_Exercise directions_:
Reproduce the following data exactly, minus any images.

+++ Raw data +++

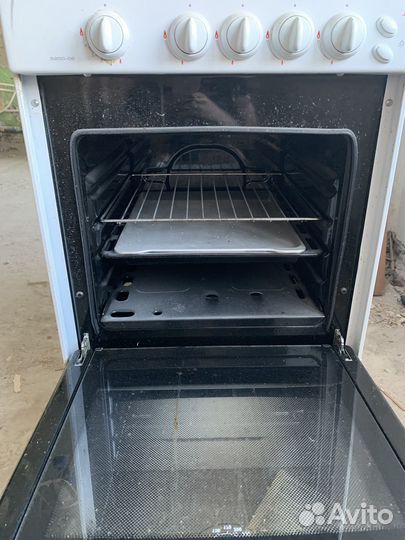 Газовая плита gefest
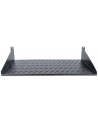 Intellinet Półka stała 19'' 2U głębokość 250 mm, czarna - nr 5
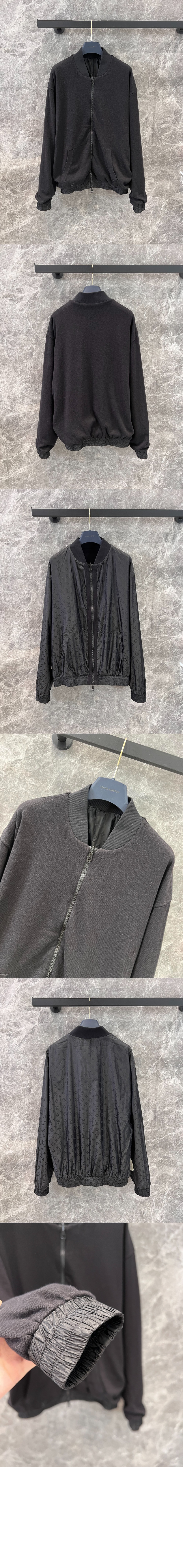 모노그램 리버서블 라이트 보머 > Etc - 기타제품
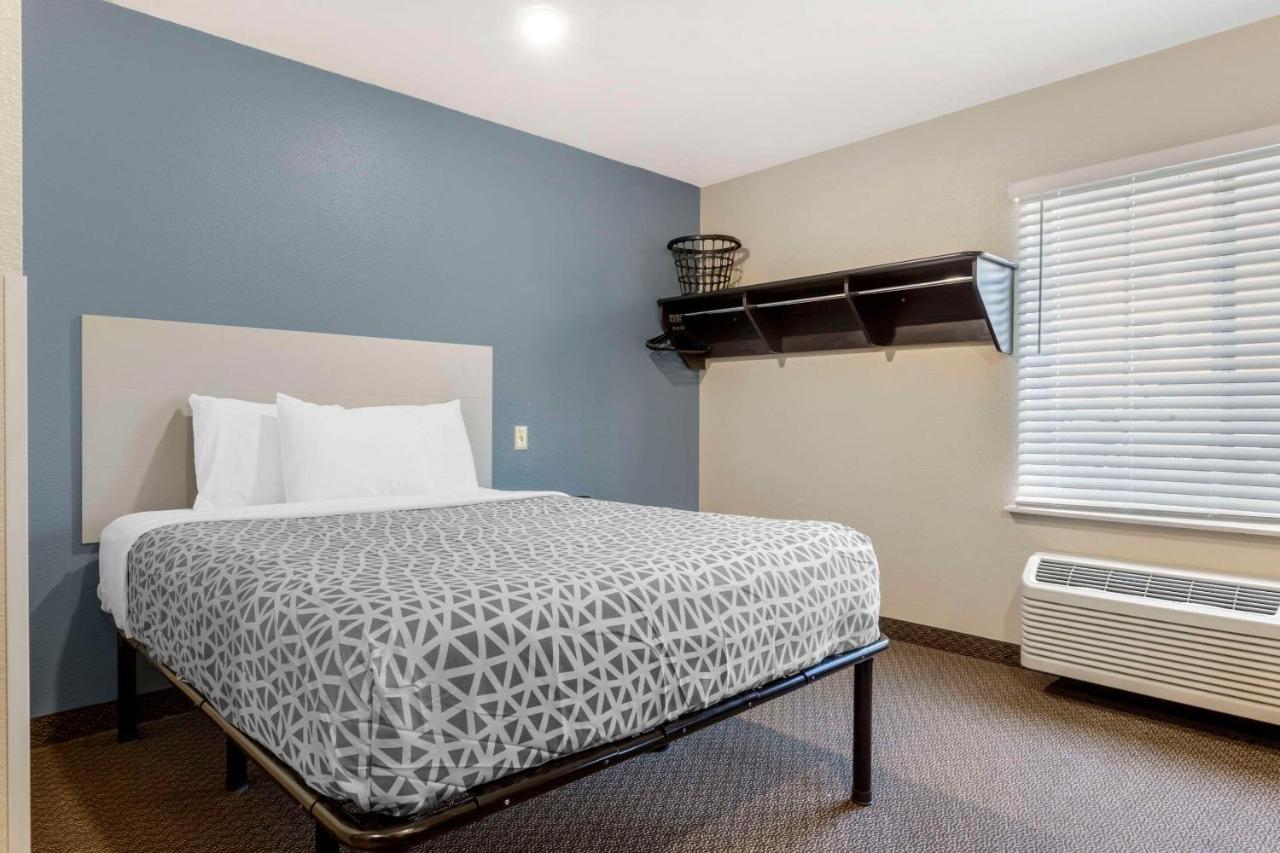 Woodspring Suites Raleigh Garner Edmondson Esterno foto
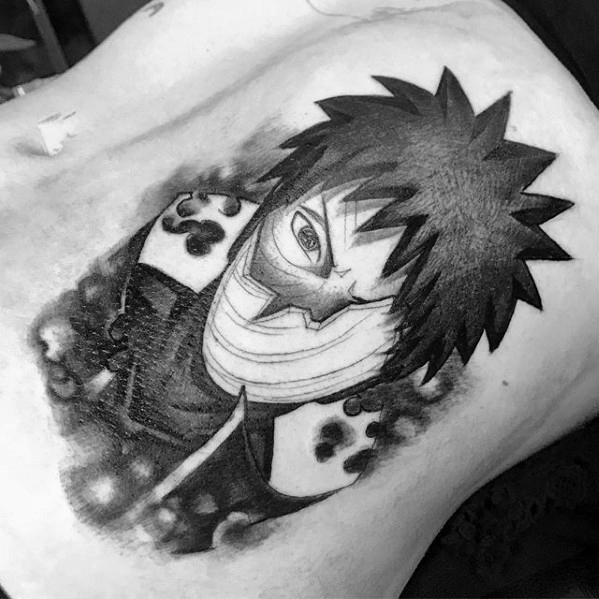 tatouage naruto 73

+++

_Exercise response_:
 Газовая плита gefest
 Intellinet Półka stała 19'' 2U głębokość 250 mm, czarna - nr 5
 모노그램 리버서블 라이트 보머 > Etc - 기타제품
 Woodspring Suites Raleigh Garner Edmondson Esterno foto
 tatouage naruto 73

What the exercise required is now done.